• _What the exercise asks_:
Return only the lines of the data below from the line with "Book Cover for" up to and including the line with "Make It Yours", exactly as written, with the pictures omitted.
Data section START
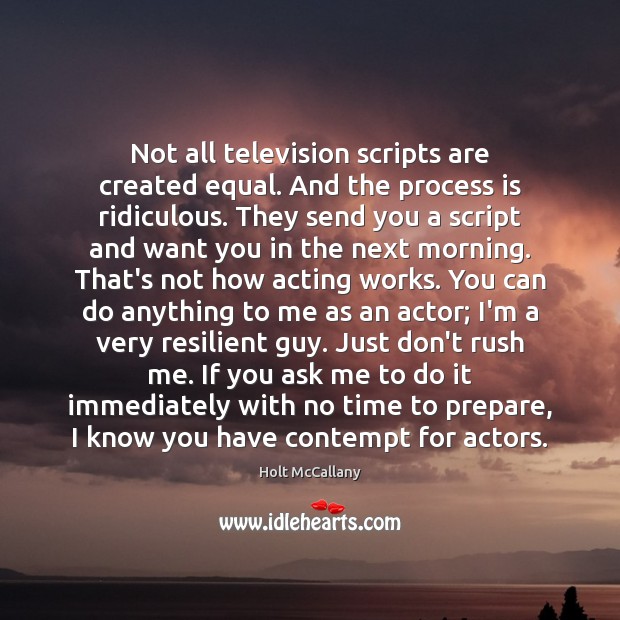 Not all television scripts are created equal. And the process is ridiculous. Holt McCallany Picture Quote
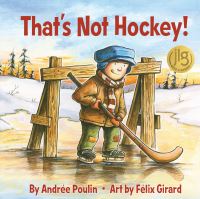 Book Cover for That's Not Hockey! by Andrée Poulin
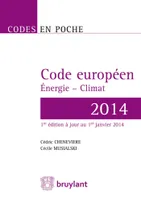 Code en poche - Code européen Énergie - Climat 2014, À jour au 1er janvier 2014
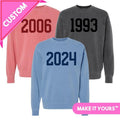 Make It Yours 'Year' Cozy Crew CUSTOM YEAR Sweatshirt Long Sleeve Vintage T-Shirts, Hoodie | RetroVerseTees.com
Data section END
Data section START
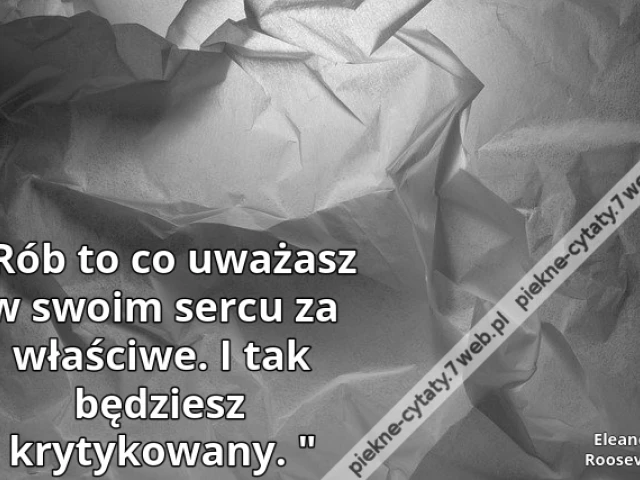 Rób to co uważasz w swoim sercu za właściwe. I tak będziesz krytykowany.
Data section END
• _Output of the exercise_:
 Book Cover for That's Not Hockey! by Andrée Poulin
 Code en poche - Code européen Énergie - Climat 2014, À jour au 1er janvier 2014
 Make It Yours 'Year' Cozy Crew CUSTOM YEAR Sweatshirt Long Sleeve Vintage T-Shirts, Hoodie | RetroVerseTees.com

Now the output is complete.